Figure 1 is an elevation view in cross-section of a drilling system 10
according to an
embodiment. Drilling system 10 includes a drilling rig 22, which may include a
rotary
table 26, a top drive unit 28, a hoist 29, and other equipment necessary for
drilling a
wellbore in the earth. Drilling system 10 may include an offshore platform 20,
such as a
tension leg platform, spar, semi-submersible, or drill ship. However, drilling
system 10
may be a land drilling system or any other drilling system capable of forming
a wellbore
extending through one or more downhole formations.

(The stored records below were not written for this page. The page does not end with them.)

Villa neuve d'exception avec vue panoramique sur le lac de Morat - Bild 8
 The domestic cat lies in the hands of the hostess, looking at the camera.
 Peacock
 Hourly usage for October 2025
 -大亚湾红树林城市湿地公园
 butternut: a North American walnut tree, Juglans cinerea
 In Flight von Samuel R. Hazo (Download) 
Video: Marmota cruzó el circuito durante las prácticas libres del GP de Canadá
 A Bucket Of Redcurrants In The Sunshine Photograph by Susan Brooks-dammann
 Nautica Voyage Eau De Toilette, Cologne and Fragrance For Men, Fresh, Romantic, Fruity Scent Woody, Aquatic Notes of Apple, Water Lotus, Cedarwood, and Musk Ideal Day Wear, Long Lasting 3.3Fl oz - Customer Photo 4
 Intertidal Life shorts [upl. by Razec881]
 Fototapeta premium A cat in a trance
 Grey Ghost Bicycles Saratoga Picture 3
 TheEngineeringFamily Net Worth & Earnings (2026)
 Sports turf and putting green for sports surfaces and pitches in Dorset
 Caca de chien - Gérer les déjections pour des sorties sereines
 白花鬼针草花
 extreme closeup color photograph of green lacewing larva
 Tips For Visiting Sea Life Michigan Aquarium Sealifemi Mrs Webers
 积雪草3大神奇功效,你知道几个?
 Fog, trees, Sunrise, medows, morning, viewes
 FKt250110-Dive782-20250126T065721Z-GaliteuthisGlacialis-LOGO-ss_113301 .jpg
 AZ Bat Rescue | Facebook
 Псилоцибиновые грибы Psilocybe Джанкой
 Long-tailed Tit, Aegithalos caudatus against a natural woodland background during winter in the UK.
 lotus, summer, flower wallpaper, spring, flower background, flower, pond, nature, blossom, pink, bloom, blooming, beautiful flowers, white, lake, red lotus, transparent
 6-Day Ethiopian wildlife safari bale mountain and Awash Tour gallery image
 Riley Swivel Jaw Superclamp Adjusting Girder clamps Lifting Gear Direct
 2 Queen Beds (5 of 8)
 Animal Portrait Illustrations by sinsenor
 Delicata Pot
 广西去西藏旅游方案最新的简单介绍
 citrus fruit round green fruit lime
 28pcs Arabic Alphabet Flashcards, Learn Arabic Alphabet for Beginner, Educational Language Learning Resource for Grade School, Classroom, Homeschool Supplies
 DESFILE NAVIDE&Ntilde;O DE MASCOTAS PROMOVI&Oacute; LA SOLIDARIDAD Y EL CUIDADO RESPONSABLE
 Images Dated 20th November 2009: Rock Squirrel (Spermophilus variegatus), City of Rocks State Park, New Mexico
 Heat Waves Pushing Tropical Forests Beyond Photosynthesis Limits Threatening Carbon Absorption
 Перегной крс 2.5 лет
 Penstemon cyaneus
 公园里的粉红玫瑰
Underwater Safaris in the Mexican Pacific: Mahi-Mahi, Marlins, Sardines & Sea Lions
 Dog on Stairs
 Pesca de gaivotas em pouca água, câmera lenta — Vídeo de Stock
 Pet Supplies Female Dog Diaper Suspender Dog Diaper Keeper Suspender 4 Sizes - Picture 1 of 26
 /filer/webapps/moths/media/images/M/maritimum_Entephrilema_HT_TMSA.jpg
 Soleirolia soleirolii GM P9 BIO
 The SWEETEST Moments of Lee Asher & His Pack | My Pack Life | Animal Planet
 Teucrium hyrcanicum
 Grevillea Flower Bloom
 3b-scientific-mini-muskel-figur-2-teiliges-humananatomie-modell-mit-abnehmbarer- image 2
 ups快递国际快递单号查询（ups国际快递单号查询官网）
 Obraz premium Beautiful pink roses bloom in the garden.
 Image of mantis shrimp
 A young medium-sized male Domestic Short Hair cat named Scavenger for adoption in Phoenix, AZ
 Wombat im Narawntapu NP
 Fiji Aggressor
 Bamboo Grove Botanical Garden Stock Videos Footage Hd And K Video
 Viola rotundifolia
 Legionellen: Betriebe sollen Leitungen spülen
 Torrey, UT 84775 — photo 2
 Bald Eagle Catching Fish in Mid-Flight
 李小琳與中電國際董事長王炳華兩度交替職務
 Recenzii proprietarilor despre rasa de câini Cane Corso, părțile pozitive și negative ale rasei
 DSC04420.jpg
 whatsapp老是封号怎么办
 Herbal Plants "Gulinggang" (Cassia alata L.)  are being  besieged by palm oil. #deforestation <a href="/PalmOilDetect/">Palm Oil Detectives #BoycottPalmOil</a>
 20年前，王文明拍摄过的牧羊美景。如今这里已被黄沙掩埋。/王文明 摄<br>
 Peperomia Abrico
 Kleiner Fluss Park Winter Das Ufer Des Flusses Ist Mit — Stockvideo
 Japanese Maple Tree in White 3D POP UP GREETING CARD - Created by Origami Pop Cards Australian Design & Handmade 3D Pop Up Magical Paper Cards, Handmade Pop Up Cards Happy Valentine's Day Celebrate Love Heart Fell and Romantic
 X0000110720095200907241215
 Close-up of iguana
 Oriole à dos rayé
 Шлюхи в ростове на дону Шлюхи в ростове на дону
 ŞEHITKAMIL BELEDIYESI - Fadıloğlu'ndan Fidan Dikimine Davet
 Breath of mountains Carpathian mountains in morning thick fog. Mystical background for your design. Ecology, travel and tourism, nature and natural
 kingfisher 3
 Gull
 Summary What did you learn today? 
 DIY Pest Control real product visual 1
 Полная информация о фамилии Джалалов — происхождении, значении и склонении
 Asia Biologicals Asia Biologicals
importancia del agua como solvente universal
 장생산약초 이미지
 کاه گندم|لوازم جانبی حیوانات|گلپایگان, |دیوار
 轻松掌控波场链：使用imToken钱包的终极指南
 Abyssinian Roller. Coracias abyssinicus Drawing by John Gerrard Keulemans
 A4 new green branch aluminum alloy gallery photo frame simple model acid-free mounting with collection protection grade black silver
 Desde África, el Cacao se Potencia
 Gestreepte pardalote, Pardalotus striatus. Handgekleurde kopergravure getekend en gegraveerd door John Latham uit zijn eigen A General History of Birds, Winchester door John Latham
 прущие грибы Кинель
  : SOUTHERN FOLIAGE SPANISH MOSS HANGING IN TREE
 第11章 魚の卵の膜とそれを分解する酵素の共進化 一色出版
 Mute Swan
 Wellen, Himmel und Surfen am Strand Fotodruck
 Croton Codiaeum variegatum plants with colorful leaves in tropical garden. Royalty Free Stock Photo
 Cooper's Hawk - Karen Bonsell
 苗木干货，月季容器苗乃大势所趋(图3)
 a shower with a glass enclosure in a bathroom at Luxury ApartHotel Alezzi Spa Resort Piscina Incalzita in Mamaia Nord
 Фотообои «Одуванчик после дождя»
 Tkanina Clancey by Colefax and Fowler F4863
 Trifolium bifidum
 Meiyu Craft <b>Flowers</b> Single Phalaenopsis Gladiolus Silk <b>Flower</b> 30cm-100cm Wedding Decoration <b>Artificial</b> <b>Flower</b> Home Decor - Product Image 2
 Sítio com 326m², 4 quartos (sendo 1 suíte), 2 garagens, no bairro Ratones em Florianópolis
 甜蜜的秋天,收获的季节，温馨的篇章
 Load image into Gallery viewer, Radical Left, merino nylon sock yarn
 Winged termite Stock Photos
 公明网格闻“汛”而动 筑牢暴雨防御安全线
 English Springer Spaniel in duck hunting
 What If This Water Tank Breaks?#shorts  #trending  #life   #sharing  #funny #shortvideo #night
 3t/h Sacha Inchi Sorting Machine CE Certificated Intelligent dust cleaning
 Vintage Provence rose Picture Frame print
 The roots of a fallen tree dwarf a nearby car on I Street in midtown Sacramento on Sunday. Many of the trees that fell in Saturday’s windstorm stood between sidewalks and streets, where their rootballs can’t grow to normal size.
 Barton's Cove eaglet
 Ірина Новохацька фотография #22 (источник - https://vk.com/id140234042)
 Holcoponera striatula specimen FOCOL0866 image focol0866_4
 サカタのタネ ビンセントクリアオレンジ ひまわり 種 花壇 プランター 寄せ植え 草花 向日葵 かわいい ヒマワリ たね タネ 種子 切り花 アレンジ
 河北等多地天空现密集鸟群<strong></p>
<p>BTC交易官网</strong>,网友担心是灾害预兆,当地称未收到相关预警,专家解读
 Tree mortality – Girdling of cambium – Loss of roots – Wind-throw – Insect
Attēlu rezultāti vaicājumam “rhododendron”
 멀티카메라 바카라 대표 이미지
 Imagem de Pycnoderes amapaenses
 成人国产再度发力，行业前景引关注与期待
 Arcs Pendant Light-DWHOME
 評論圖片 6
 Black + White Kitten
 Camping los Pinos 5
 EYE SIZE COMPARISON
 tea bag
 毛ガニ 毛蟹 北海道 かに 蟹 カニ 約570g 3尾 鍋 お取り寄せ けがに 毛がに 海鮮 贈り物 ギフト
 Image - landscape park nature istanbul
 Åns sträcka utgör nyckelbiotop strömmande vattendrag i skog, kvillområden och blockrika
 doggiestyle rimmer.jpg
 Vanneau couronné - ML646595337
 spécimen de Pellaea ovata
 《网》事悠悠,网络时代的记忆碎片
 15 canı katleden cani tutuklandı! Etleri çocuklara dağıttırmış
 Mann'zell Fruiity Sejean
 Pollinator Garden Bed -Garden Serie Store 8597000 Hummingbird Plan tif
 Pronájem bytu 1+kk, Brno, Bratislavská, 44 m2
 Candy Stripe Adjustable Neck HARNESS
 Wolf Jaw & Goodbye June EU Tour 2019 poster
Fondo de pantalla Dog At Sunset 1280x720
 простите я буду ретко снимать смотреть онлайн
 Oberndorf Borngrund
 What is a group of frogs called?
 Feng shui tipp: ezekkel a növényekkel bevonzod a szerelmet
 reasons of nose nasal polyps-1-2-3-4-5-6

Drilling rig 22 may be located generally above a well head 24, which in the
case of an
offshore location is located at the sea bed and is connected to drilling rig
22 via a riser 25.
Riser 25 allows drill pipes, casing, tubing, and other tools or devices to be
run into and out
of the wellbore 27. Blowout preventers 30 and/or a Christmas tree assembly
(not
illustrated) may be provided atop well head 24.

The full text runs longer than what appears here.